題目:
Given n balloons, indexed from 0 to n-1. Each balloon is painted with a number on it represented by array nums. You are asked to burst all the balloons. If the you burst balloon i you will get nums[left] * nums[i] * nums[right] coins. Here left and right are adjacent indices of i. After the burst, the left and rightthen becomes adjacent.

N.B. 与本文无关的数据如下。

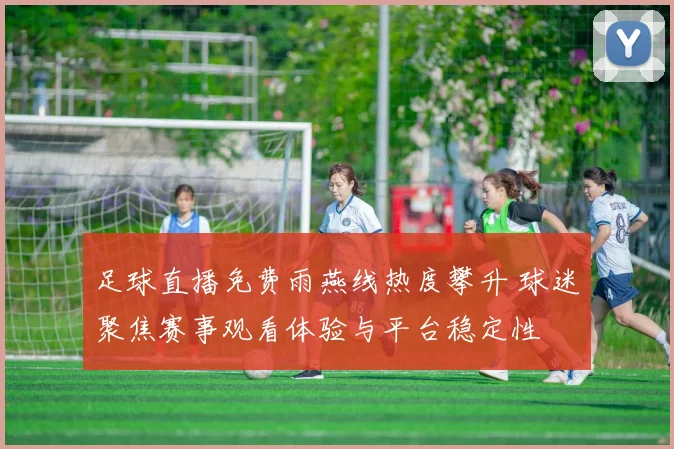 足球直播免费雨燕线热度攀升 球迷聚焦赛事观看体验与平台稳定性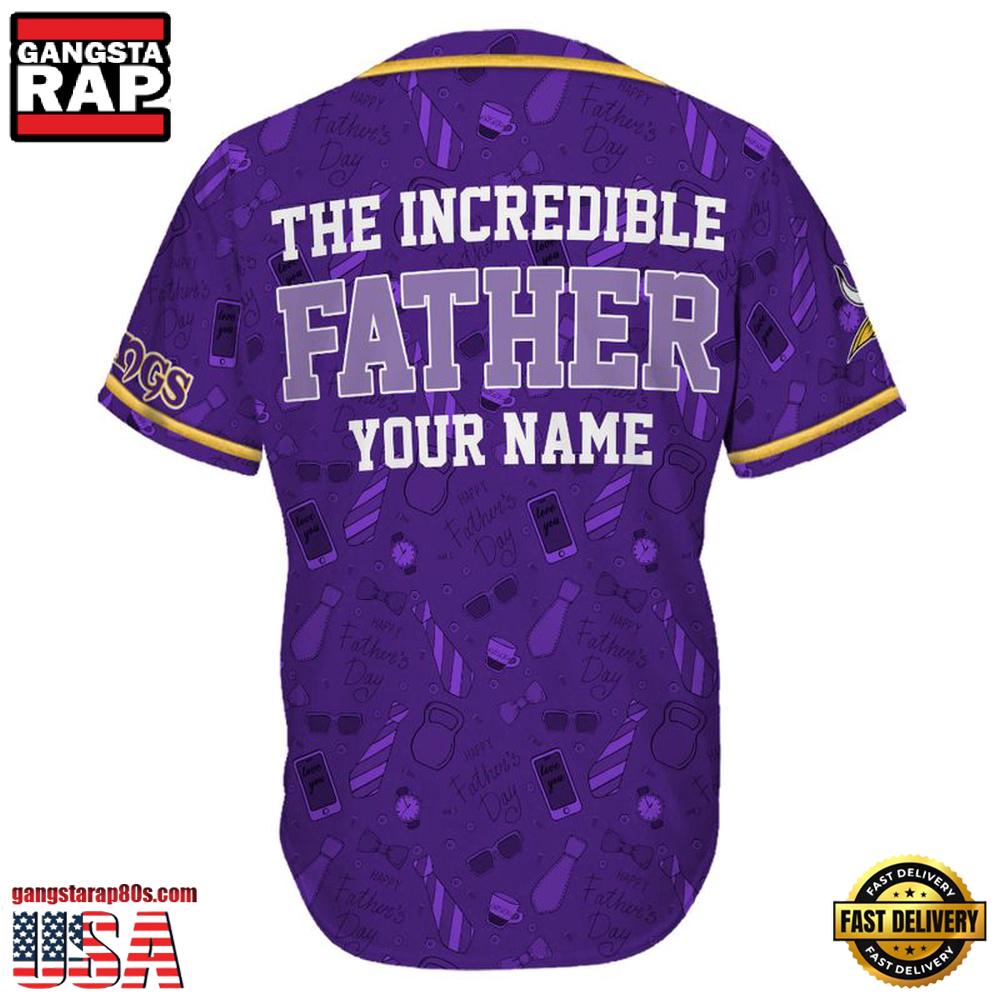 NFL Custom Name Minnesota Vikings The Increadible Father New Design Baseball Jersey Shirt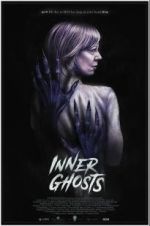 Watch Inner Ghosts Tvmuse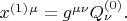 $x^{(1)}^\mu=g^{\mu\nu}Q^{(0)}_\nu.$
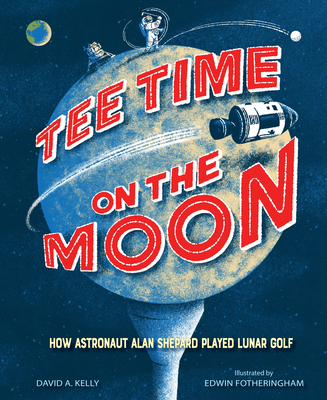 Tee Time on the Moon: How Astronaut Alan Shepard Played Lunar Golf - Kelly, David A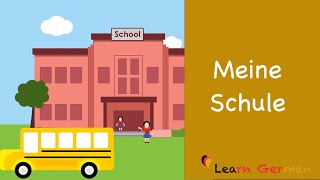 Learn German  German Speaking  Meine Schule  My School  Sprechen  A1 [upl. by Nicolais]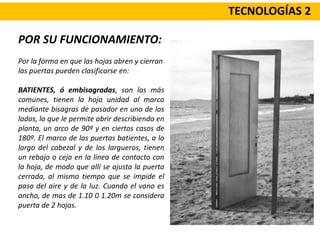 TECNOLOGÍAS 2
POR SU FUNCIONAMIENTO:
Por la forma en que las hojas abren y cierran
las puertas pueden clasificarse en:
BATIENTES, ó embisagradas, son las más
comunes, tienen la hoja unidad al marco
mediante bisagras de pasador en uno de los
lados, lo que le permite abrir describiendo en
planta, un arco de 90º y en ciertos casos de
180º. El marco de las puertas batientes, a lo
largo del cabezal y de los largueros, tienen
un rebajo o ceja en la línea de contacto con
la hoja, de modo que allí se ajusta la puerta
cerrada, al mismo tiempo que se impide el
paso del aire y de la luz. Cuando el vano es
ancho, de mas de 1.10 0 1.20m se considera
puerta de 2 hojas.
 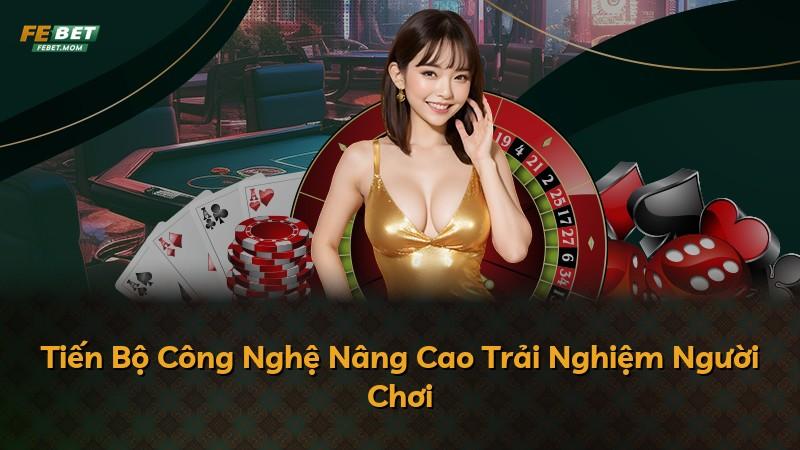 Tiến Bộ Công Nghệ Nâng Cao Trải Nghiệm Người Chơi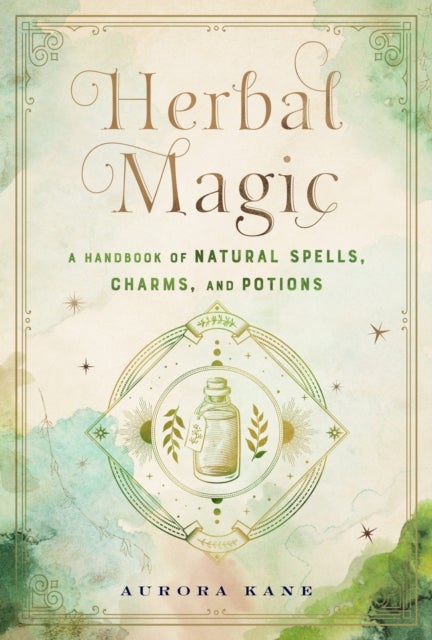 Herbal Magic - A Handbook of Natural Spells, Charms, and Potions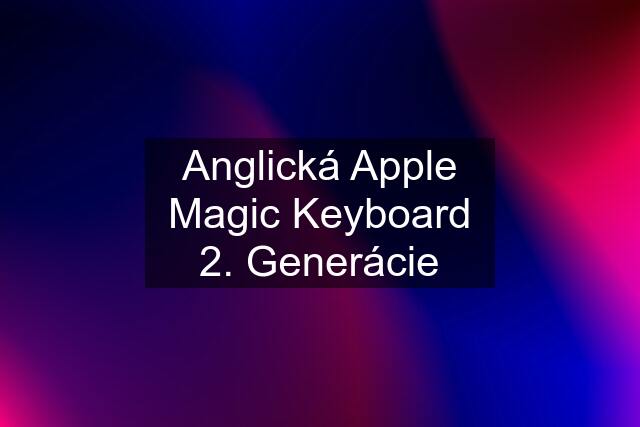 Anglická Apple Magic Keyboard 2. Generácie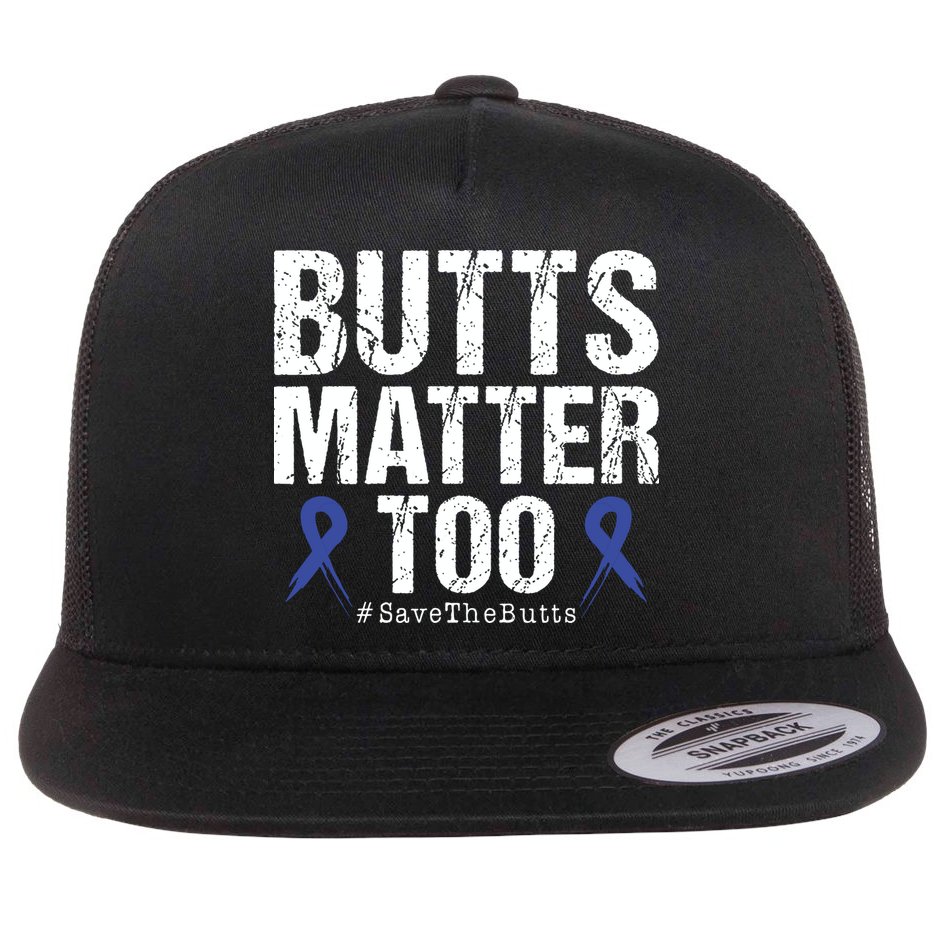 Butts Matter Too Save The Butts Colon Cancer Awareness Flat Bill Trucker Hat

Find the maximum coins you can collect by bursting the balloons wisely.
Note:
- You may imagine
nums[-1] = nums[n] = 1. They are not real therefore you can not burst them. - 0 ≤
n≤ 500, 0 ≤nums[i]≤ 100
Example:
Input:[3,1,5,8]Output:167 Explanation:nums = [3,1,5,8] --> [3,5,8] --> [3,8] --> [8] --> [] coins = 3*1*5 + 3*5*8 + 1*3*8 + 1*8*1 = 167
代碼:
方法一——遞歸法(超時了):
class Solution {
public:
map<vector<int>, int> m;
int maxCoins(vector<int>& nums) {
if (m.count(nums))return m[nums];
int len = nums.size();
if (len == 0)return 0;
int res = INT_MIN;
for (int i = 0; i < len; i++) {
int temp = nums[i];
int left = i == 0 ? 1 : nums[i - 1];
int right = i == len - 1 ? 1 : nums[i + 1];
int temp_res = left * nums[i] * right;
nums.erase(nums.begin() + i);
temp_res += maxCoins(nums);
res = max(res, temp_res);
nums.insert(nums.begin() + i, temp);
}
m[nums] = res;
return res;
}
};
思路:弄清臨界條件,弄清每一步的操作,弄清是和誰比取max,記憶化搜索。記得vector的操作,insert和erase。
方法二——動態規劃法:
代碼:
class Solution {
public:
int maxCoins(vector<int>& nums) {
int n = nums.size();
nums.insert(nums.begin(), 1);
nums.push_back(1);
vector<vector<int>> dp(n + 2, vector<int>(n + 2, 0));
for (int len = 1; len <= n; ++len) {
for (int i = 1; i <= n - len + 1; ++i) {
int j = i + len - 1;
for (int k = i; k <= j; ++k) {
dp[i][j] = max(dp[i][j], nums[i - 1] * nums[k] * nums[j + 1] + dp[i][k - 1] + dp[k + 1][j]);
}
}
}
return dp[1][n];
}
};
想法:弄清楚遞歸關係,找動態規劃的遞歸關係。